Voici les cartes avec les données de l’instrument HFI, une fois la contribution du rayonnement fossile soustraite :
Les analyses astrophysiques peuvent alors commencer ...
Une fois les cartes reconstruites pour chaque fréquence il reste à les combiner entre elles pour extraire celles des différentes composantes (Page Séparation des composantes), et en parallèle y identifier des sources compactes pour constituer les différents catalogues (Résultats ERCSC).
Pour ces premiers résultats, le rayonnement fossile n’est pas encore à l’honneur : le signal est très faible, il y a encore beaucoup de travail avant de pouvoir l’exploiter de façon fiable.
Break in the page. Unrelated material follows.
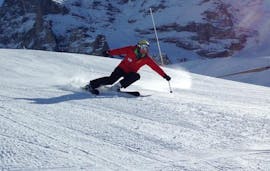 Uno sciatore si diverte sulle piste durante le lezioni private di sci per adulti di tutti i livelli della Scuola privata di sci e sport sulla neve di Wengen.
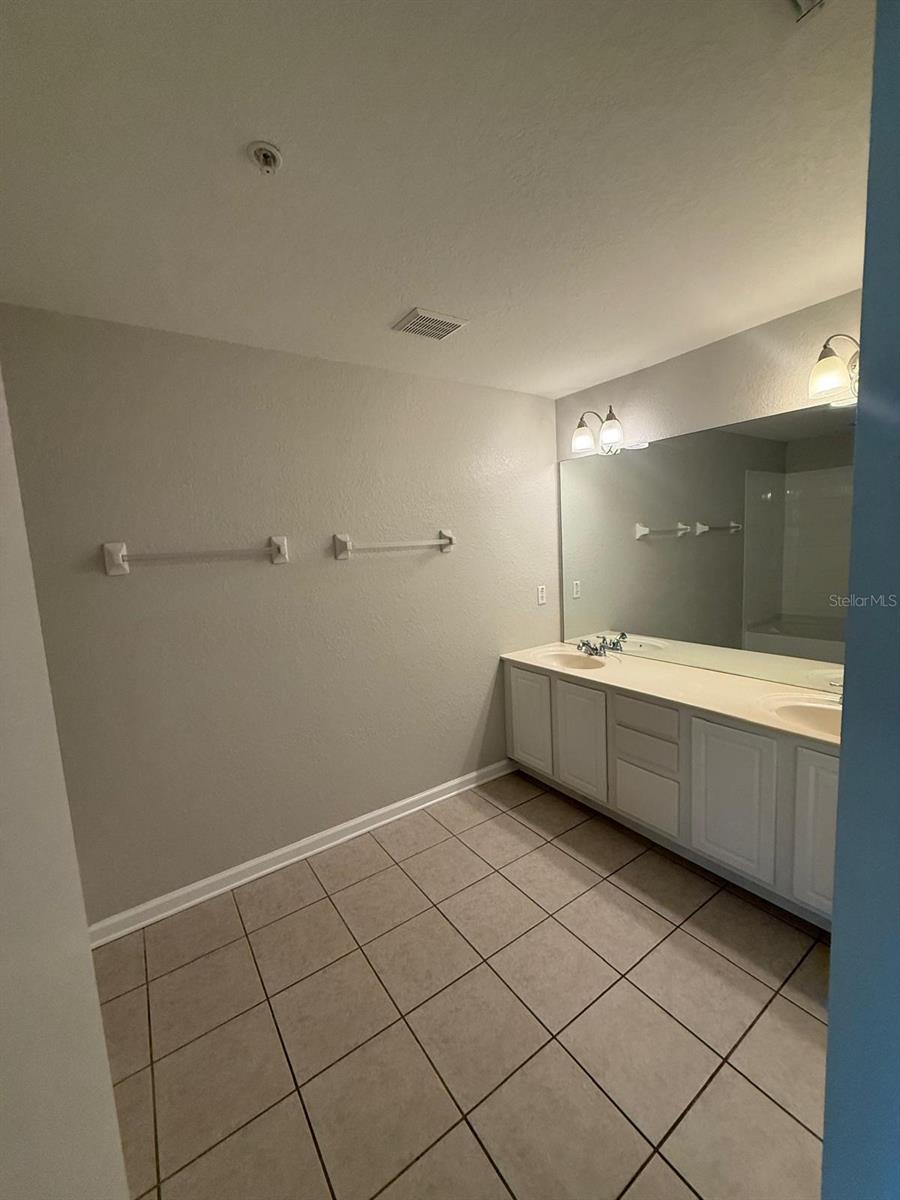 7054 CADIZ BLVD, ORLANDO, FL, 32819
On est déjà capable de connaître suffisamment le signal du rayonnement fossile pour le soustraire et étudier les émissions d'avant-plan - c'est l'objet de ces premiers articles, mais on n'a pas encore la précision de quelques millioniémes requise pour pleinement étudier et interpréter ce rayonnement fossile. Il faut encore un peu “démêler et rembobiner”, c’est-à-dire retrouver encore plus précisément la quantité de photons venant d’une direction dans le ciel à partir des mesures de tension aux bornes des bolomètres en fonction du temps.